When Kathy Walker stepped down as the head coach of the Alexandria girls swimming and diving team, Crysta Krause was asked to step up.

“It was a bit sudden,” Krause said. “My first thought was that I have a lot of work to do. But I’m really excited. I get to take over a program that’s had a lot of success. We have a good group of girls and it’ll be a lot of fun.”

Krause moved to Alexandria three years ago to become a teacher and work with Walker as an assistant coach. Before she moved to the area, she spent the previous eight years building a program from the ground up. Red Dragon Swimming is a club program in Moorhead that works with youth swimmers.

“It started with two swimmers in my first year,” Krause said. “Eight years later, when I decided to resign and go back to teaching, we had 175. It was so much fun to see the program grow and see the kids go through it.”

Krause was raised in a small town outside of Willmar. From a young age, she always wanted to swim.

“Growing up, I always loved the water. My parents couldn’t get me out of the lake.” Krause said. “I used to live on a farm outside of (Willmar) when I was younger. I didn’t officially join a team until I was in seventh grade.”

Krause swam at the varsity level for five years. After multiple state tournament appearances, she swam at Minnesota State University-Moorhead. She was a captain for two years before working with the Red Dragon Swimming program. Krause believes she brings the right experience to the table.

“For me, it’s about creating a culture of excitement,” Krause said. “Bringing that love for swimming for the girls, pushing them to bring their best to the table and being their best selves is what I want out of my time here.”

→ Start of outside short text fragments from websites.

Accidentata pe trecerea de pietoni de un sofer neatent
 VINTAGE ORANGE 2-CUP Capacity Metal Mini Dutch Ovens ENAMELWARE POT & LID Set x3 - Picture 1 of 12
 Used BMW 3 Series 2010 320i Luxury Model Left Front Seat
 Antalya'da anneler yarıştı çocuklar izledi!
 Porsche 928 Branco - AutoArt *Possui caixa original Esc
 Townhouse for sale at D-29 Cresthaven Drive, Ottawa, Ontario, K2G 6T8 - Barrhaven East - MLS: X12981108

The upperclassmen on the Alexandria girls swim team have performed under two Hall of Fame head coaches in Mark Storhaug and Walker. For some in the program, this is their third head coach they have had during their careers.

“They’ve gone through a lot of coaching changes,” Krause said. “My hope is that I can bring some consistency. I’m not looking at retiring from coaching anytime soon, so I really want to be around for awhile and establish that. I think they have really taken these past few weeks in stride. Together, we’ve had a lot of fun with it and we know what we have to do to be successful. They’ve been really great.”

During her time with Walker, Krause was able to study someone who has coached at different levels for more than four decades. .

“Kathy and I complemented each other very well,” Krause said. “Her responses to swimmers when she was approached with problems is something I can take and learn from. We’ve shared with each other swimming knowledge too. Drills and sets she had are something that I can use that will help me be a better coach.”

After a fifth-place finish in the Section 6A tournament last fall, the Cardinals are looking to stay competitive. However, after a large group of seniors graduated, the team’s youth will be tested this fall.

“We lost a lot of really great seniors that made up a lot of the depth in the lineup from last year,” Krause said. “Just trying to fill those holes will be a challenge for us. We have some really great incoming seventh graders. We have a lot of really young talent to go with our top performers that are coming back, but getting depth is something we are figuring out.”

By the time she leaves, Krause would like to leave the Alexandria girls swimming and diving team the same way she left Moorhead.

“I would love to grow this program like I was able to help do in Moorhead with the Red Dragons,” Krause said. “Getting kids and families to buy into a program and stay is a goal of mine. We lose a lot of swimmers between the middle school and high school level. I think swimming at the high school level is intimidating, but it’s so much fun and it’s rewarding and I want to show people that.”